Web page caption snippets
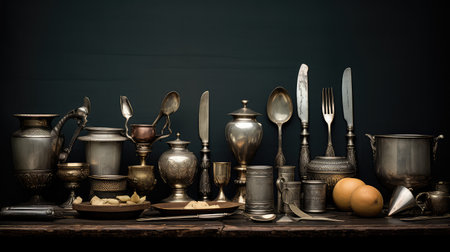 timeless dark grey backgroundの素材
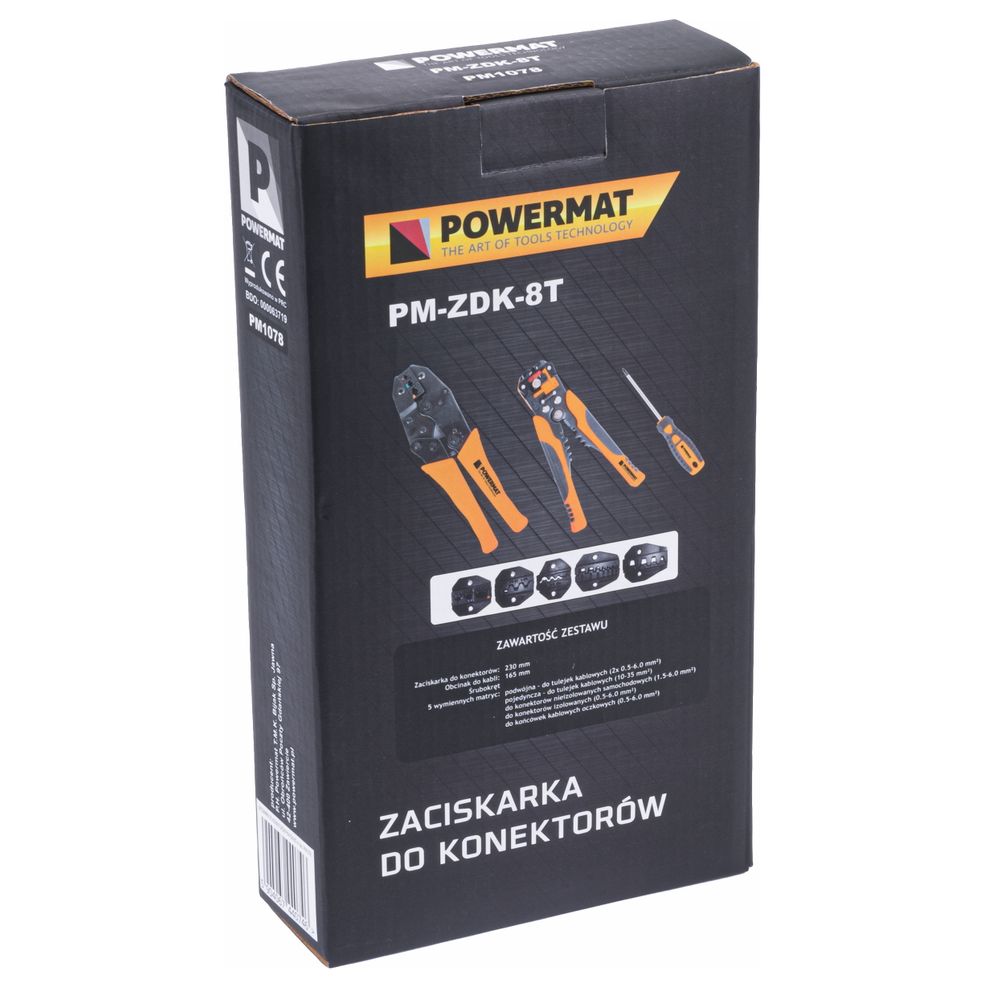 Alat za krimpovanje ferula i terminala PM-ZDK-8T set slika 8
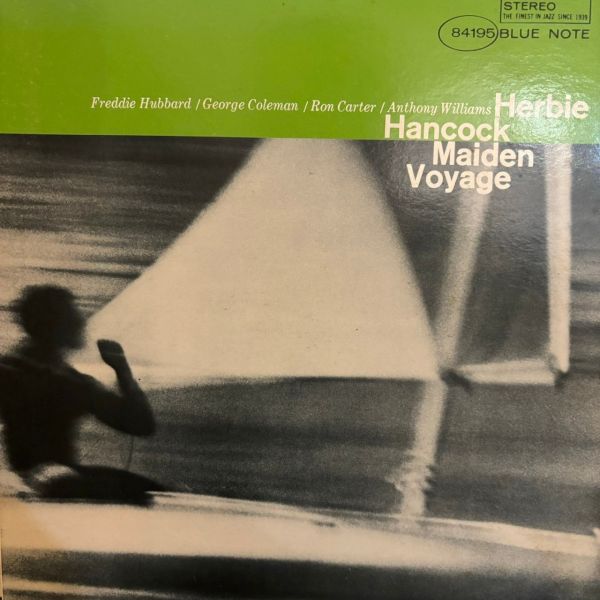 Herbie Hancock – Maiden Voyage | 二手老膠1LP 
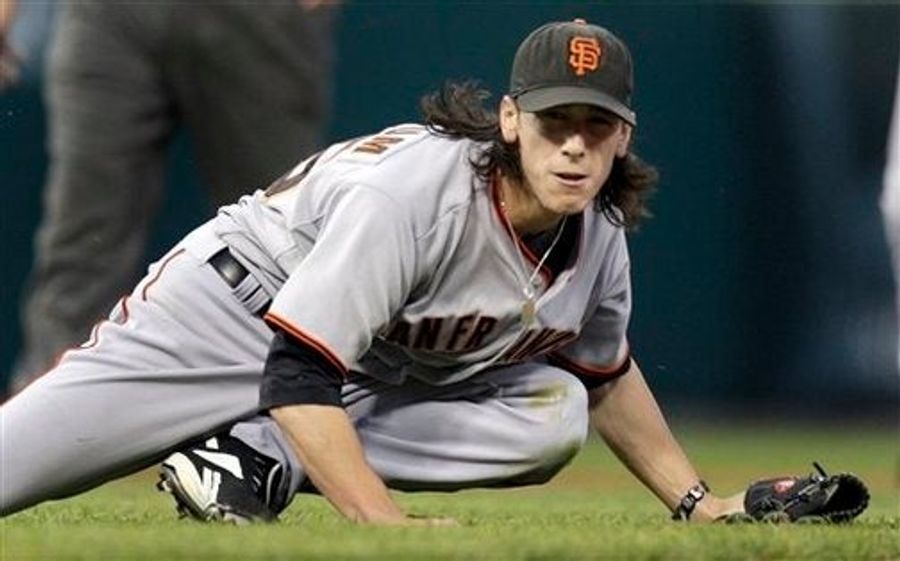 Tim Lincecum&#39;s Haircut Is Now Self-Aware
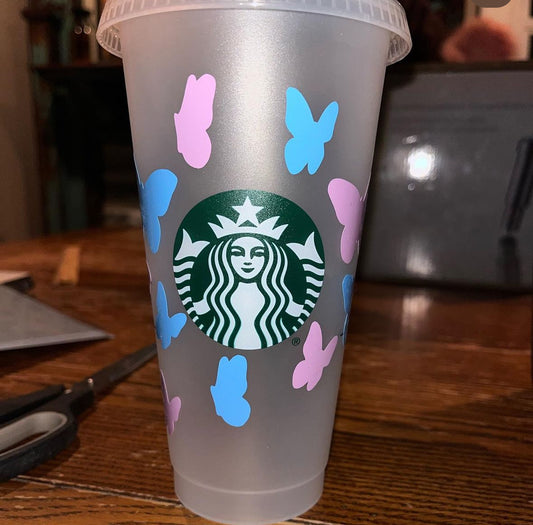 Custom Starbucks cups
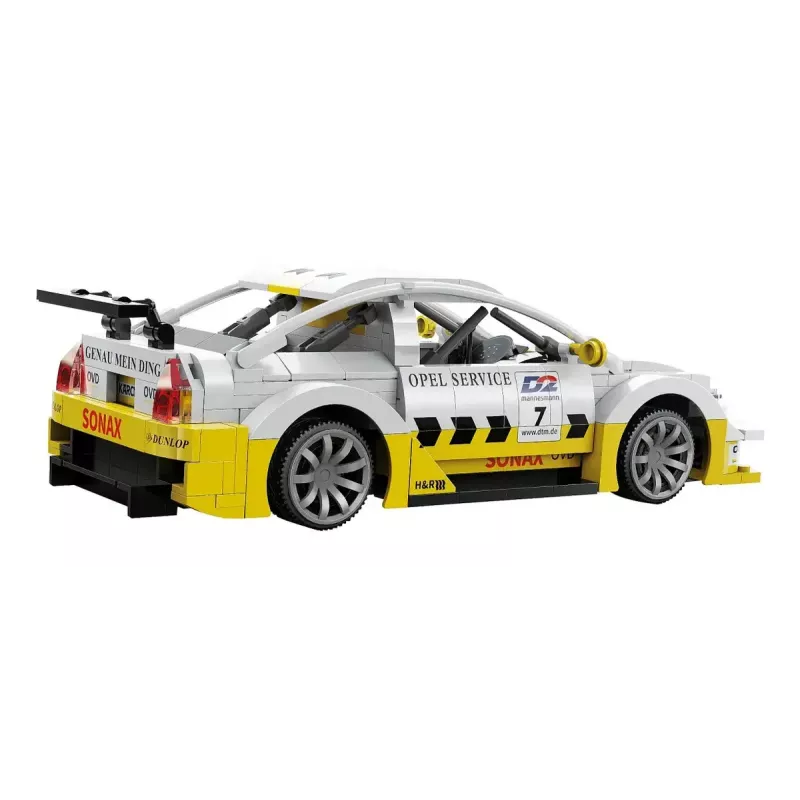 Konstrukcinis RC modelis Jamara CaDA Opel Astra V8 Coupe, 1:20, 330 dalių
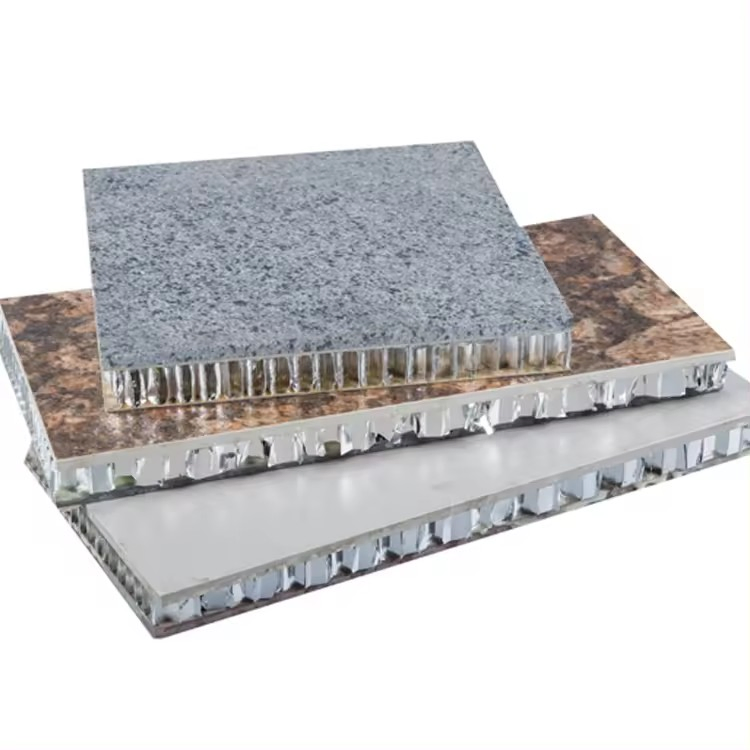 1250*2440*10 Aluminum Honeycomb Panels for Modern Cladding Panels Exterior and Interior Wall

__YOUR GOAL__:
Please write out exactly the lines starting at the one that contains "Tim Lincecum&#39;s Haircut Is Now Self-Aware" and ending with the final line of the entries, both ends included. Do not write out any pictures.

__ANSWER TO THIS PROBLEM__:
 Tim Lincecum&#39;s Haircut Is Now Self-Aware
 Custom Starbucks cups
 Konstrukcinis RC modelis Jamara CaDA Opel Astra V8 Coupe, 1:20, 330 dalių
 1250*2440*10 Aluminum Honeycomb Panels for Modern Cladding Panels Exterior and Interior Wall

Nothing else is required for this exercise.